## [YOUR OBJECTIVE]
Find "This article was" below and begin at its line; stop after the line with "Today we will talk". Output those lines exactly, without pictures.

## [DATA TO EXAMINE]
#####
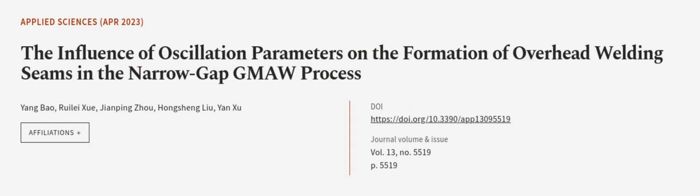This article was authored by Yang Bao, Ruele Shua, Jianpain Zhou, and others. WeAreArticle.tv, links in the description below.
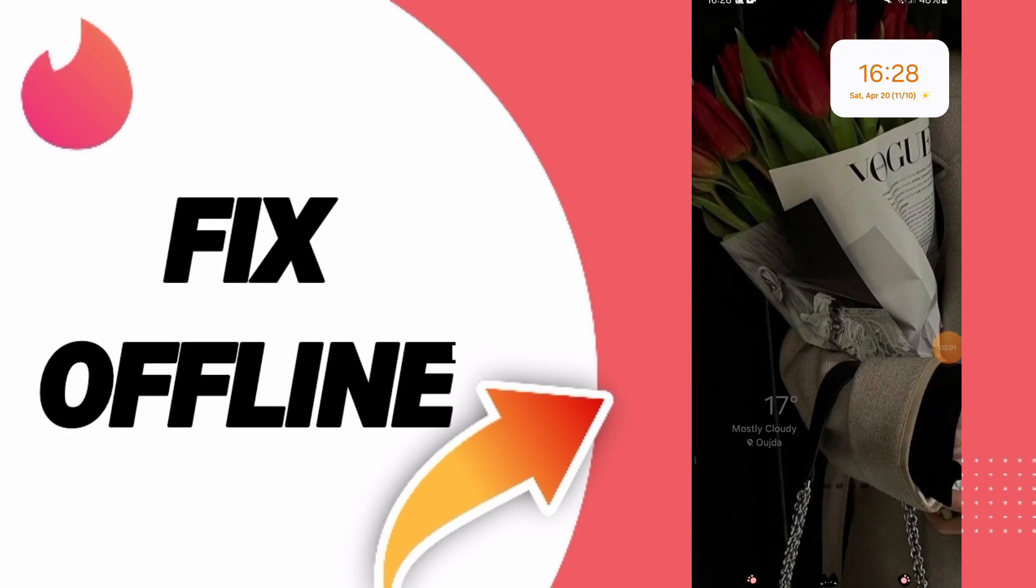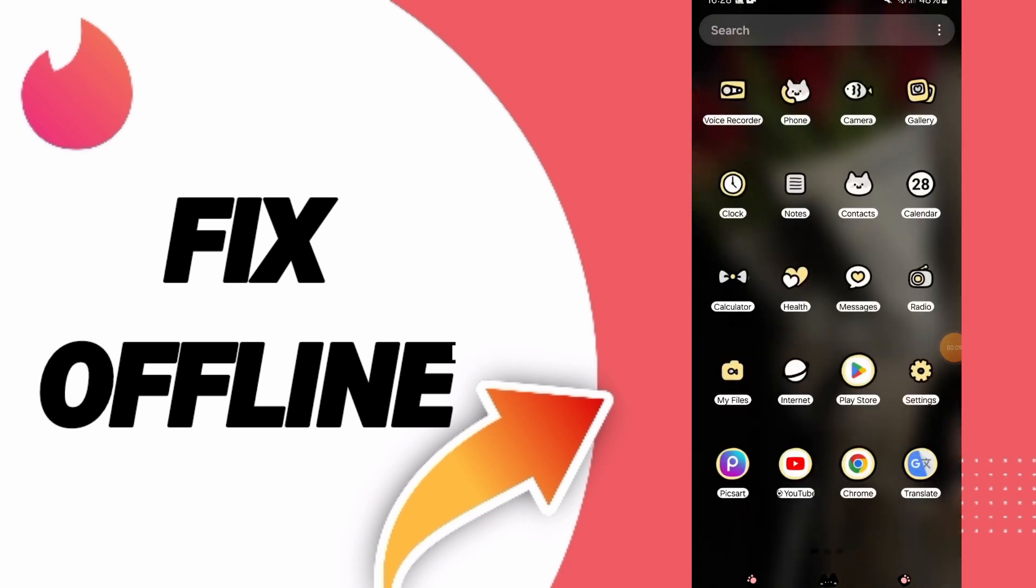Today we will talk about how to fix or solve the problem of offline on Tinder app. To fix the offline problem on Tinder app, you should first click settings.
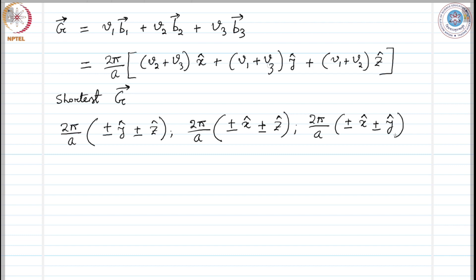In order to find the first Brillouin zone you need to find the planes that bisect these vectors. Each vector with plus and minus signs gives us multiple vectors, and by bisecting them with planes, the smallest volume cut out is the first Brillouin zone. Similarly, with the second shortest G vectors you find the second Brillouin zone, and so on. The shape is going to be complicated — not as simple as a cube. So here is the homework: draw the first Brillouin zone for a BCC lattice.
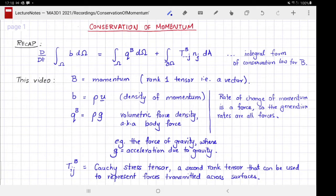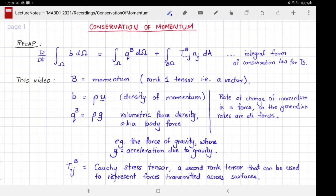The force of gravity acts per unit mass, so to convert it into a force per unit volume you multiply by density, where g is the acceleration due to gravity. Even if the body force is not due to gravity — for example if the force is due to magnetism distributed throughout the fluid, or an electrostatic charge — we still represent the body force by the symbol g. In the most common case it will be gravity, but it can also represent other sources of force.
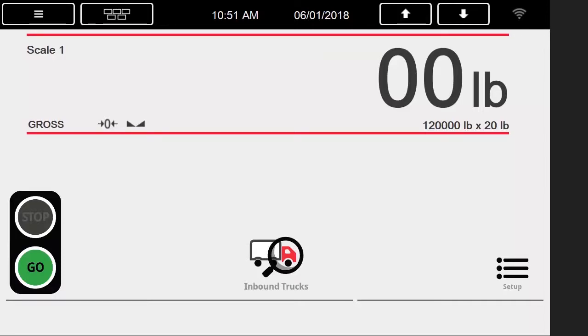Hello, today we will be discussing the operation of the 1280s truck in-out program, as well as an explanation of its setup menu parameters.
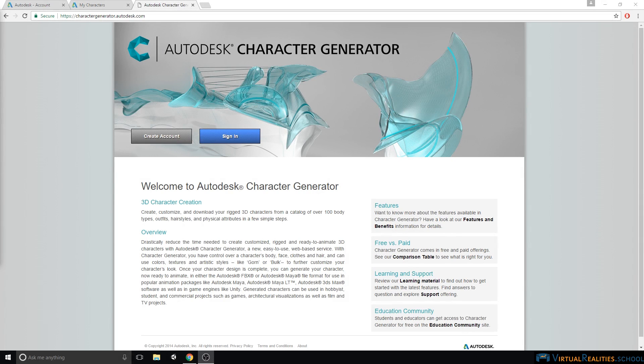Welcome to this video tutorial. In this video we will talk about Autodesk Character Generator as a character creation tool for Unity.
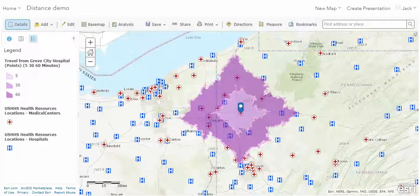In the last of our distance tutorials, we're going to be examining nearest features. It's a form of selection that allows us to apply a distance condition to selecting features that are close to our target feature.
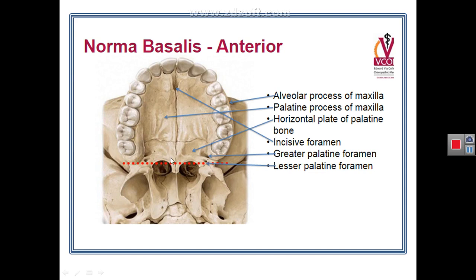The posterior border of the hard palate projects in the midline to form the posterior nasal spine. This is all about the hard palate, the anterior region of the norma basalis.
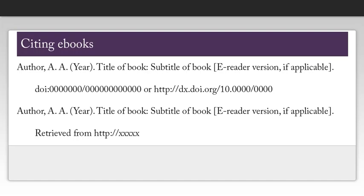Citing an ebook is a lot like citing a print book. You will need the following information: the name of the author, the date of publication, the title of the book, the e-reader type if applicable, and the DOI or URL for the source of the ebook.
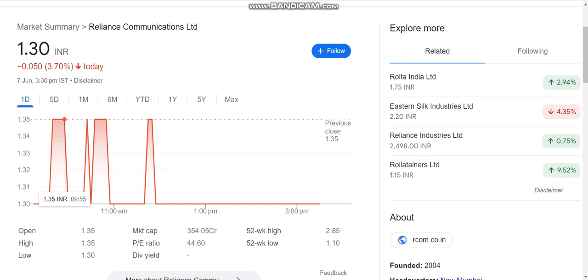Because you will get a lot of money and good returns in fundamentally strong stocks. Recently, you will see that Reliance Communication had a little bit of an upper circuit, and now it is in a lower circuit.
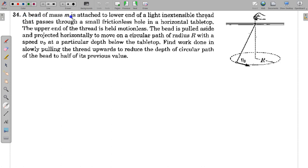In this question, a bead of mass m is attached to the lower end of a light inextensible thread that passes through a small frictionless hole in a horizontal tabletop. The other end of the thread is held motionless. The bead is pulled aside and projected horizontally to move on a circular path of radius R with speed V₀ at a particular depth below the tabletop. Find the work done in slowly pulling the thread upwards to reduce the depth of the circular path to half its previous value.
#####
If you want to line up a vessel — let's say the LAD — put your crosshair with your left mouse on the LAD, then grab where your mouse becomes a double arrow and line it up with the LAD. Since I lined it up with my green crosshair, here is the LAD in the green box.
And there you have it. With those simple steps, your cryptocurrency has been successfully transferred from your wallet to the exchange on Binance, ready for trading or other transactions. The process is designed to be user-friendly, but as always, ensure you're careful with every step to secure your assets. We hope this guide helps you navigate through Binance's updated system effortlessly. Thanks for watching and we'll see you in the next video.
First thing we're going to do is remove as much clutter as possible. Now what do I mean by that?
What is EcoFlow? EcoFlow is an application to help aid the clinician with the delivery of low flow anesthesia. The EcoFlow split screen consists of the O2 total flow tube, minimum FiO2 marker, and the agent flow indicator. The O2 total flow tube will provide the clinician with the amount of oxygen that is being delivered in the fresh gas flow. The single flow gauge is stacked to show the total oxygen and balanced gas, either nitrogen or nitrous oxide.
#####
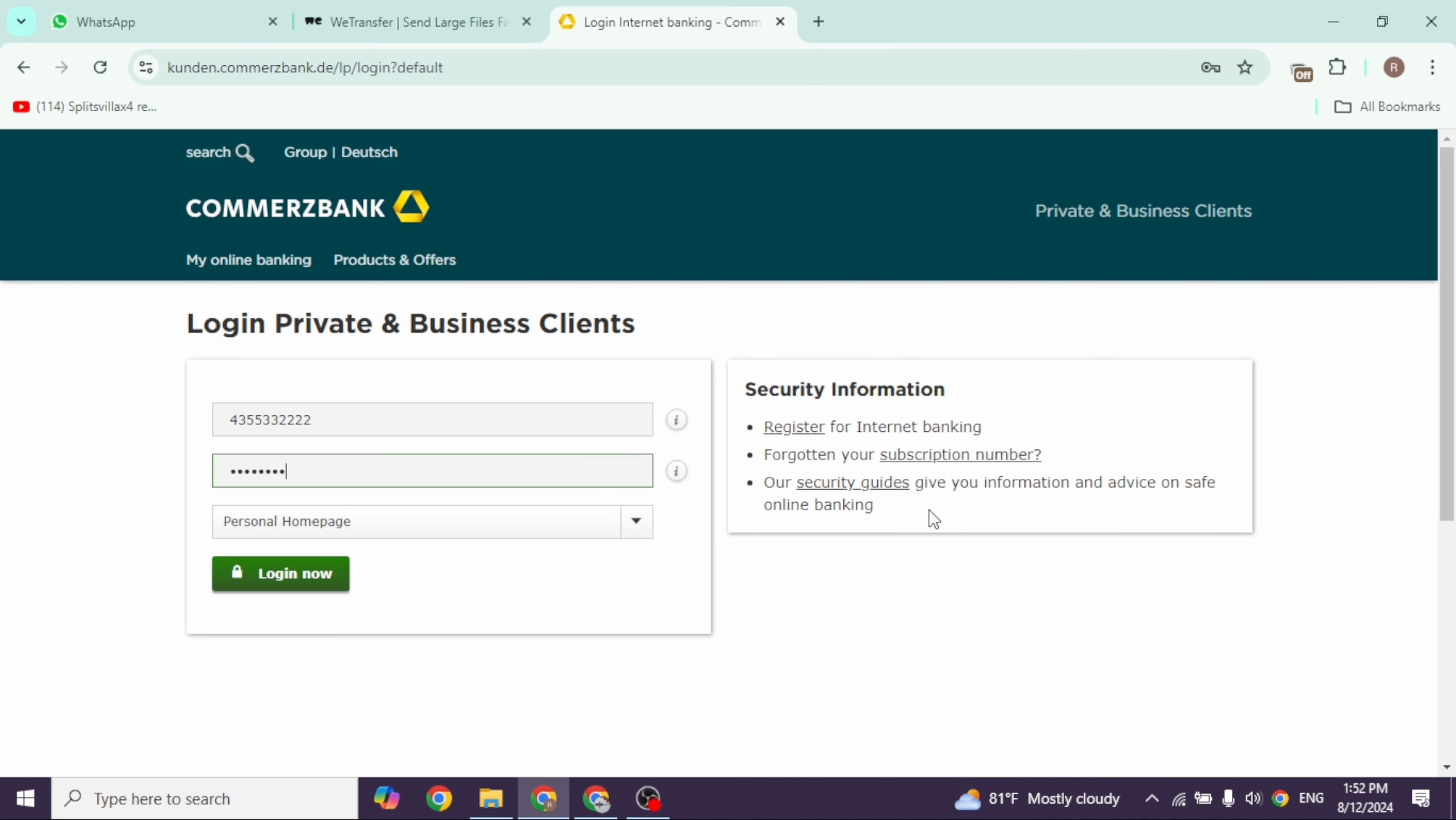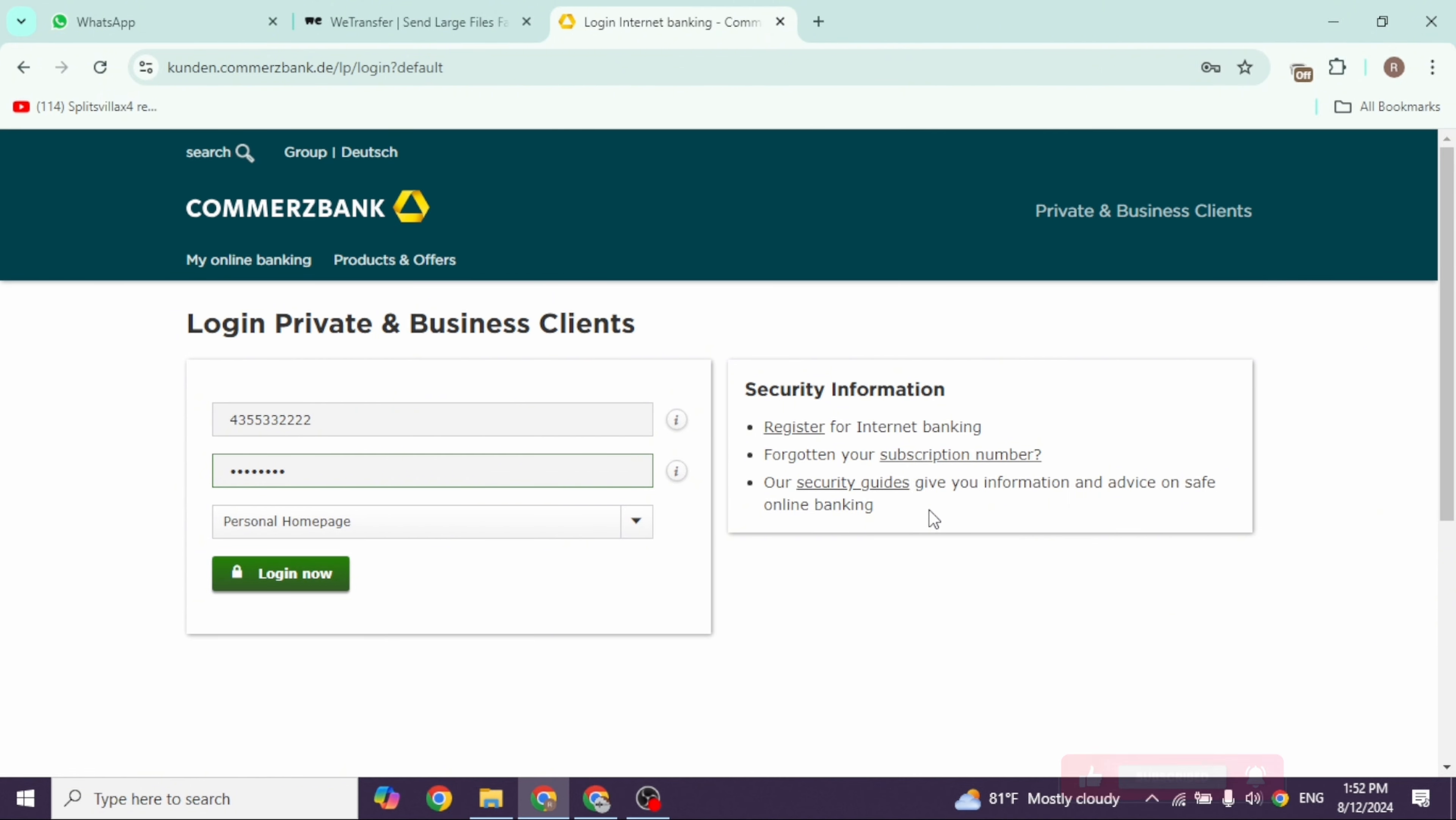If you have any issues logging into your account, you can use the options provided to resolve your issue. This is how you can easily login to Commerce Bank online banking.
#####
## [WRITTEN RESPONSE]
This article was authored by Yang Bao, Ruele Shua, Jianpain Zhou, and others. WeAreArticle.tv, links in the description below.
Today we will talk about how to fix or solve the problem of offline on Tinder app. To fix the offline problem on Tinder app, you should first click settings.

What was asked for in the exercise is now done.